Le Conseil de presse du Québec blâme le magazine Maclean's pour avoir manqué de rigueur et véhiculé des préjugés en affirmant que le Québec est la province la plus corrompue du Canada.

Dans une décision rendue publique mardi, le tribunal d'honneur des médias québécois critique aussi le travail d'un journaliste et d'un chroniqueur dont les articles ont été publiés par le magazine torontois l'automne dernier.

Le Conseil de presse donne ainsi en partie raison au militant souverainiste Gilles Rhéaume, qui avait dénoncé dans une plainte la publication d'un numéro de Maclean's, le 24 septembre dernier.

La page frontispice présentait une image de la mascotte du Carnaval de Québec, le Bonhomme Carnaval, une serviette débordant de billets de banque à la main, accompagnée de la manchette: «The Most Corrupt Province In Canada» (La province la plus corrompue au Canada).

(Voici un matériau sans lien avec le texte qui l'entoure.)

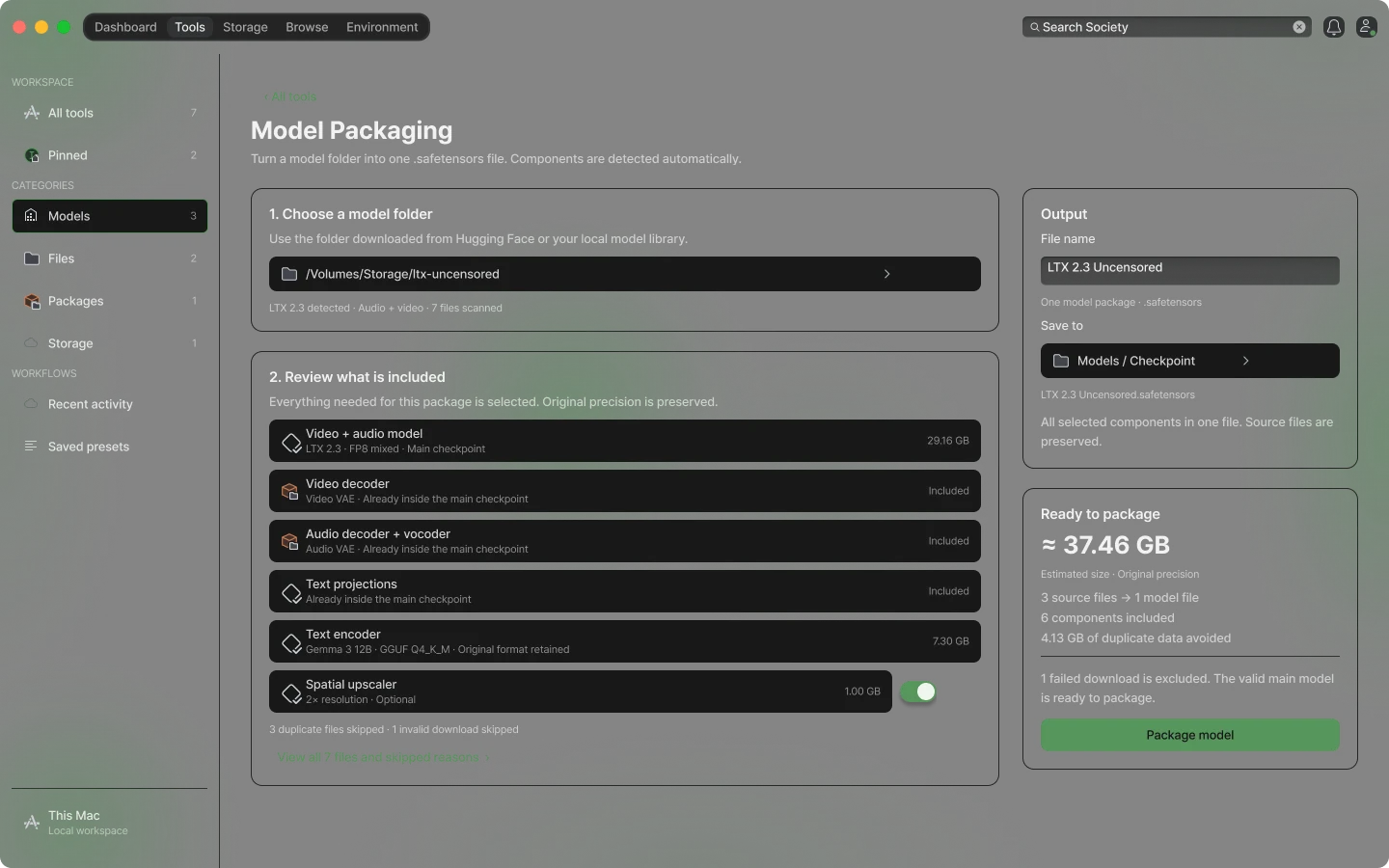 Society model packaging workspace with selected components and output options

M. Rhéaume affirmait que les articles avaient une «teneur discriminatoire, francophobe et québécophobe» et soutenait que l'utilisation du Bonhomme Carnaval constituait une atteinte à l'image d'un «symbole national des Québécois», a indiqué le Conseil dans un communiqué diffusé mardi.

Selon une décision unanime des sept membres de l'organisme qui ont étudié la plainte, jamais l'article du journaliste Martin Patriquin ou aucun autre article du magazine ne démontre que le Québec serait la province la plus corrompue du Canada.

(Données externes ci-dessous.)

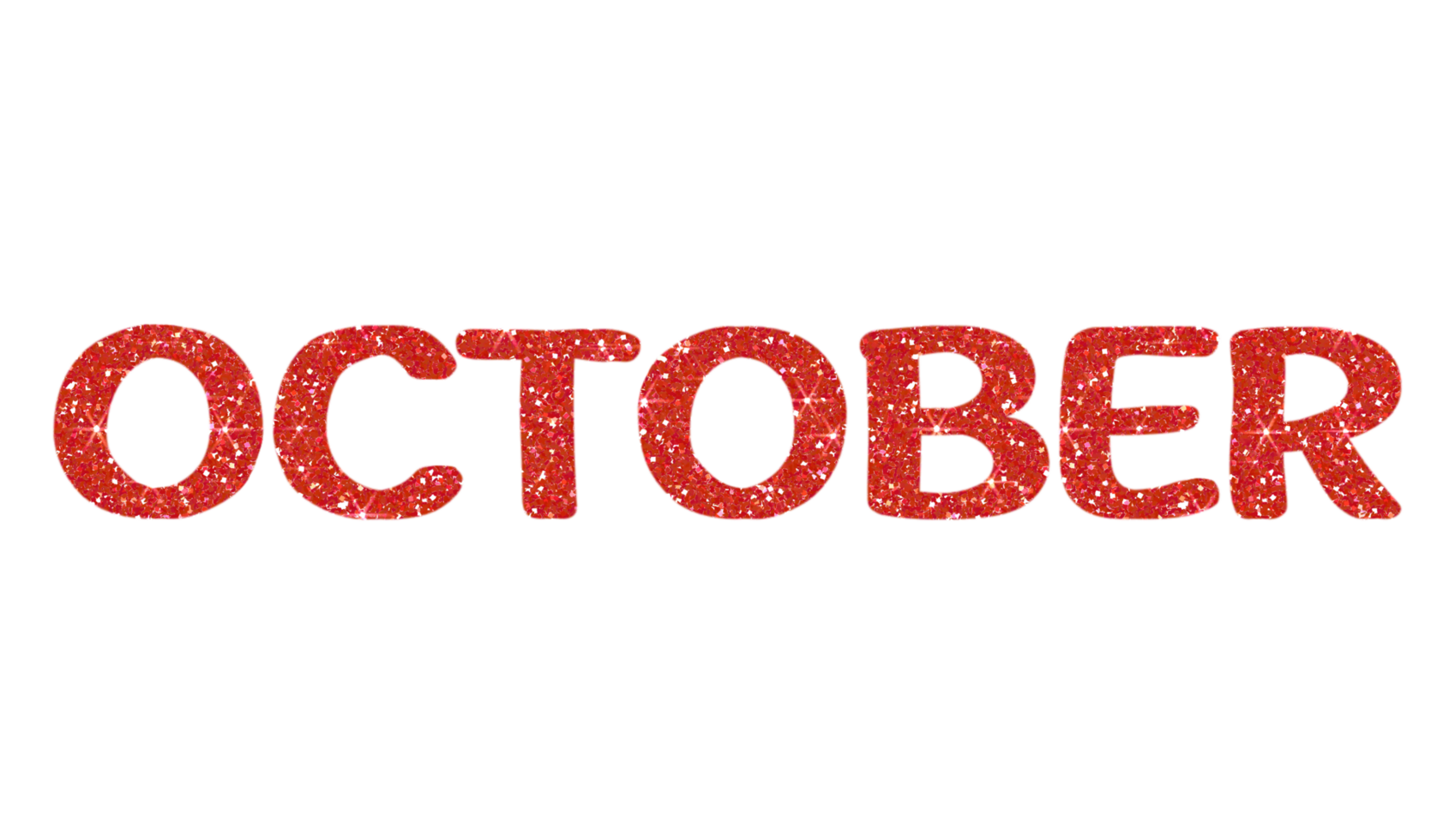 Red glitter OCTOBER Letters Icon. October sign. Design for decorating, background, wallpaper, illustration. png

«D'une voix unanime, le Comité des plaintes et de l'éthique de l'information (CPEI) du Conseil de presse a jugé que les titres de l'article et du magazine étaient porteurs de préjugés discriminatoires, en ce sens que l'accusation qui était ainsi portée, lourde de signification, n'a jamais été démontrée dans les articles qu'ils coiffaient», indique le communiqué.

Le CPEI conclut que le magazine avait le droit de représenter le Bonhomme Carnaval dans une caricature, ce choix relevant de sa liberté rédactionnelle.

«Bien qu'on puisse remettre en question la justesse de ce choix, il reste qu'il est conforme aux règles déontologiques reconnues», affirme l'organisme.

Lors d'une entrevue à La Presse Canadienne, mardi, M. Rhéaume s'est montré satisfait de la décision du tribunal d'honneur.

«Elle rappelle à l'ordre le premier magazine canadien pour avoir véhiculé des préjugés contre le Québec, a-t-il dit. C'est quand même pas rien. Ça vient démontrer que lorsqu'on parle du «Quebec bashing', c'est quelque chose qui est avéré.»

Une porte-parole de Maclean's, Louise Léger, a dit que le magazine préférait ne pas commenter la décision du Conseil de presse. L'organisme exige la publication ou la diffusion de sa décision par le magazine.

Après analyse, six des sept membres du CPEI ont conclu que M. Patriquin a manqué de rigueur en se limitant à recueillir plusieurs points de vue rapportant l'existence d'une série de cas de corruption au Québec, sans présenter d'analyse comparative avec d'autres provinces.

L'organisme estime que les affirmations de M. Patriquin «relèvent de préjugés, d'autant plus condamnables dans les circonstances qu'ils portent préjudice à l'ensemble des Québécois».

Un membre du CPEI conclut par contre que la démarche journalistique de M. Patriquin était suffisante

Quatre des sept membres du comité ont aussi critiqué le chroniqueur Andrew Coyne, jugeant qu'il a lui aussi manqué de rigueur et véhiculé des préjugés en écrivant que les scandales de corruption sont plus probables au Québec «si les politiciens évoluent dans un contexte où le public accepte de telles activités».

Trois membres ont estimé que M. Coyne était demeuré dans les limites du texte d'opinion que constitue une chronique.

Finalement, le Conseil de presse blâme Maclean's pour son manque de collaboration démontré en ne répondant pas à la plainte de M. Rhéaume.

L'automne dernier, le premier ministre Jean Charest avait écrit au magazine pour réclamer des excuses.

Les quatre partis fédéraux à la Chambre des communes avaient eux aussi dénoncé l'article de Maclean's.

Après avoir soutenu que le magazine avait porté atteinte à l'image de sa mascotte, le Carnaval de Québec a obtenu des excuses ainsi qu'une entente à l'amiable dont les termes demeurent confidentiels.